> **TASK BRIEF**
Nothing but the lines below from the one with "Another update building" through the one with "This is nail" should be output, each exactly as given, and no pictures.

### DATASET EXTRACT ###

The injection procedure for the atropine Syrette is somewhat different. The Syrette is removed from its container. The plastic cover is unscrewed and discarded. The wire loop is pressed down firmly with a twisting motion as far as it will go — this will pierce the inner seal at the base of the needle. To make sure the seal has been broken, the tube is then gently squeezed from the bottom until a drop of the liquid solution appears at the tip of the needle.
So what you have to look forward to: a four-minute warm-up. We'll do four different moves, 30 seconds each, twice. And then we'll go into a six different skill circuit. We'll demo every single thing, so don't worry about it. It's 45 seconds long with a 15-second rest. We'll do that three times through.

###
### DATASET EXTRACT ###

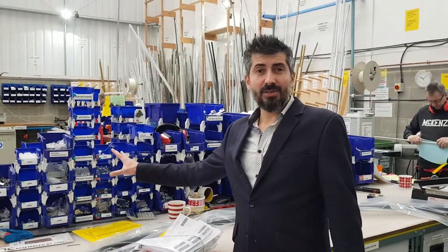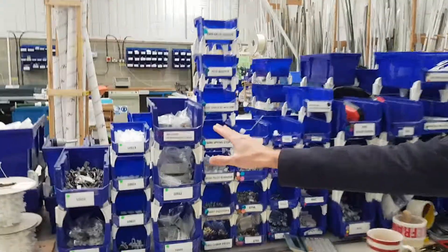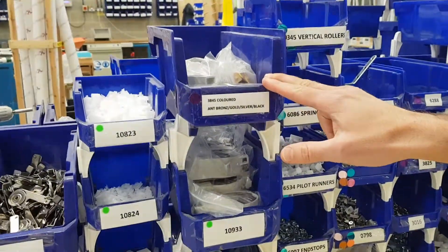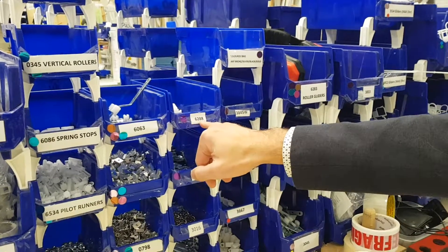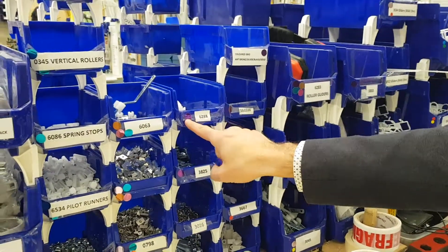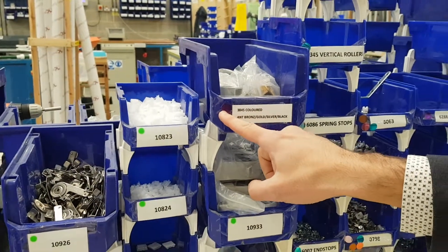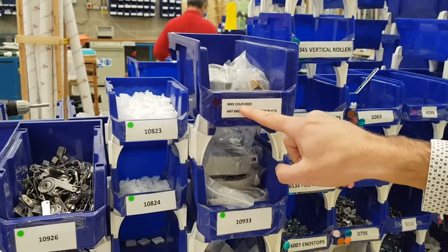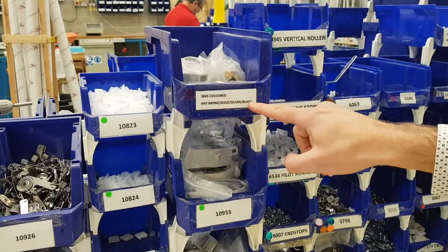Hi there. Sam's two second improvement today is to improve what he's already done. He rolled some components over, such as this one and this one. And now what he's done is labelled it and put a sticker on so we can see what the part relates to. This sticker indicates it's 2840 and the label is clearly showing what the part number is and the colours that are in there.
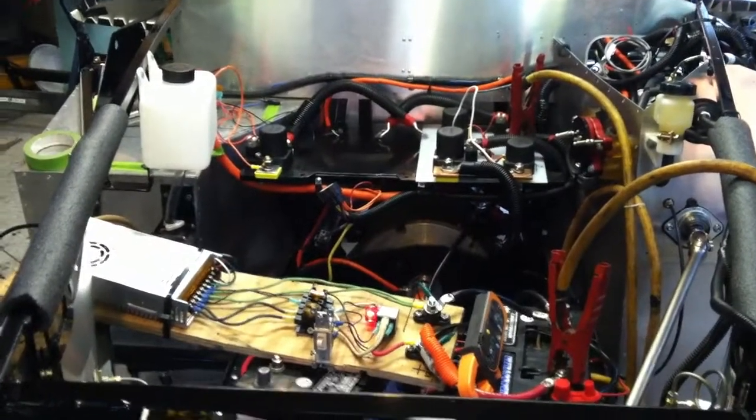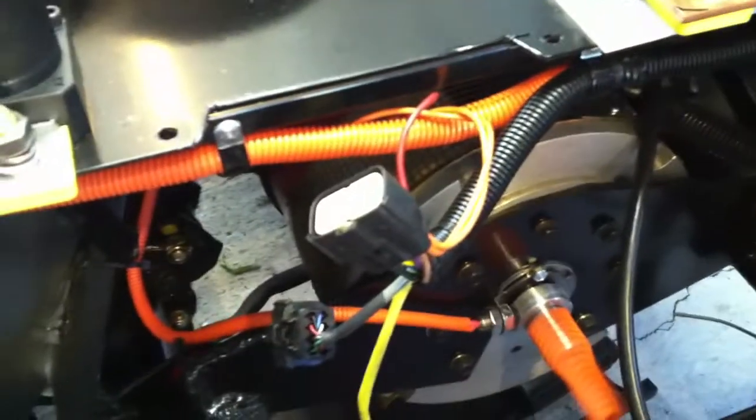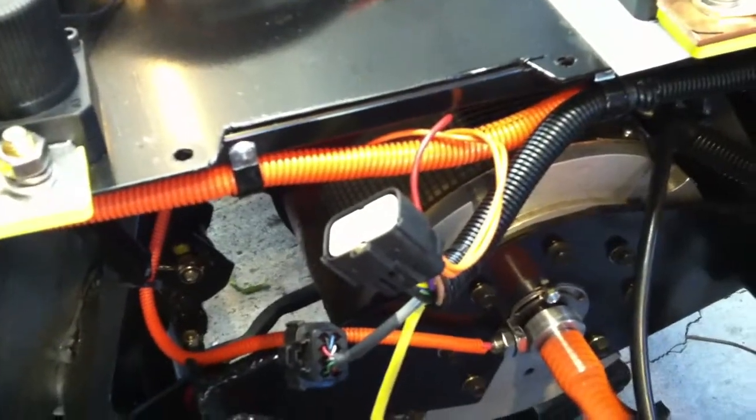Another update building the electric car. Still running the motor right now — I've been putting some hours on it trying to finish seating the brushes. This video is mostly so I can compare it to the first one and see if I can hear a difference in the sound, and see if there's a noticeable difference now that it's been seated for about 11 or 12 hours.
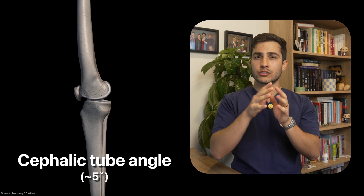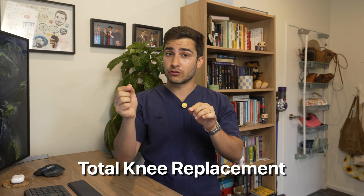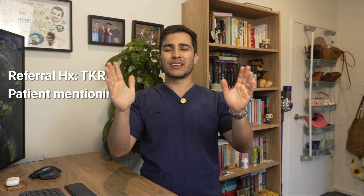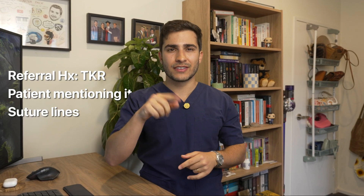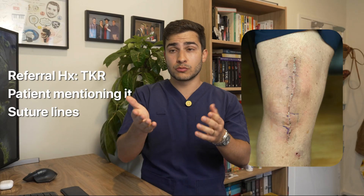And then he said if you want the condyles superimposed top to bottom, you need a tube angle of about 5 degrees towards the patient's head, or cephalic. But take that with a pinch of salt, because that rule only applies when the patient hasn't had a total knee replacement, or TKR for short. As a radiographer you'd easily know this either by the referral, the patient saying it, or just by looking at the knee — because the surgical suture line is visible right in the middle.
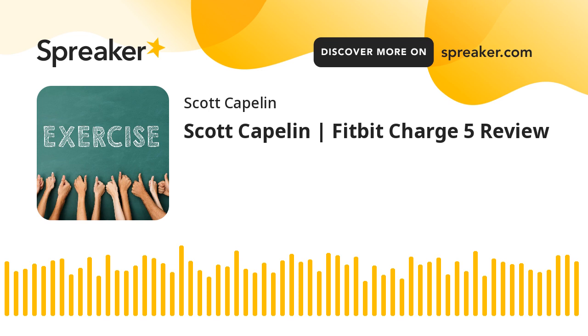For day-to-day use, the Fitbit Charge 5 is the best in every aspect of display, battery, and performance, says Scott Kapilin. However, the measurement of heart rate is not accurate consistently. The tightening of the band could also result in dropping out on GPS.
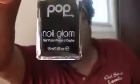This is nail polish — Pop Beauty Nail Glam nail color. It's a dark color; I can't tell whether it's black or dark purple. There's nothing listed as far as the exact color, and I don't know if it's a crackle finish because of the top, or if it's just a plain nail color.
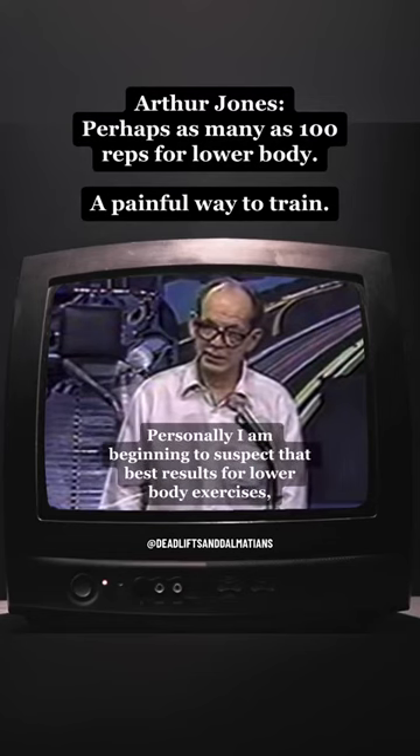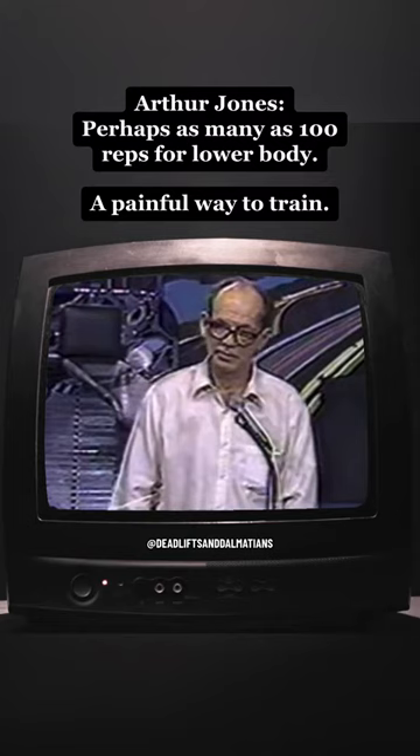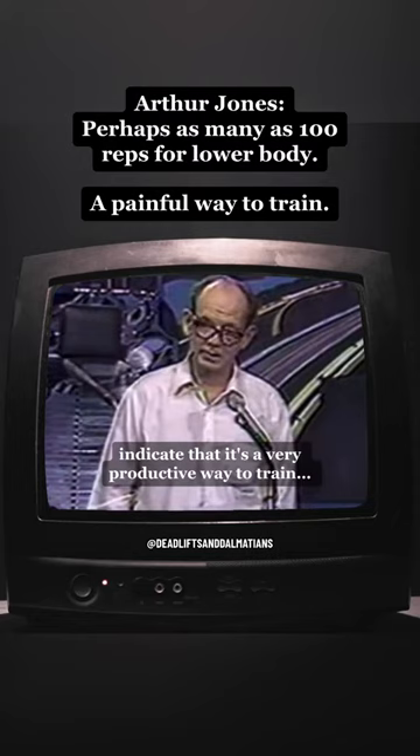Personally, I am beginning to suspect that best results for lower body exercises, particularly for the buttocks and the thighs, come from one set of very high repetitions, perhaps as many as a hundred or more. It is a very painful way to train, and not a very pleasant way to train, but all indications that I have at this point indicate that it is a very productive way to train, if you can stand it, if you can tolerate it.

###

> **TASK RESULT**
Another update building the electric car. Still running the motor right now — I've been putting some hours on it trying to finish seating the brushes. This video is mostly so I can compare it to the first one and see if I can hear a difference in the sound, and see if there's a noticeable difference now that it's been seated for about 11 or 12 hours.
And then he said if you want the condyles superimposed top to bottom, you need a tube angle of about 5 degrees towards the patient's head, or cephalic. But take that with a pinch of salt, because that rule only applies when the patient hasn't had a total knee replacement, or TKR for short. As a radiographer you'd easily know this either by the referral, the patient saying it, or just by looking at the knee — because the surgical suture line is visible right in the middle.
For day-to-day use, the Fitbit Charge 5 is the best in every aspect of display, battery, and performance, says Scott Kapilin. However, the measurement of heart rate is not accurate consistently. The tightening of the band could also result in dropping out on GPS.
This is nail polish — Pop Beauty Nail Glam nail color. It's a dark color; I can't tell whether it's black or dark purple. There's nothing listed as far as the exact color, and I don't know if it's a crackle finish because of the top, or if it's just a plain nail color.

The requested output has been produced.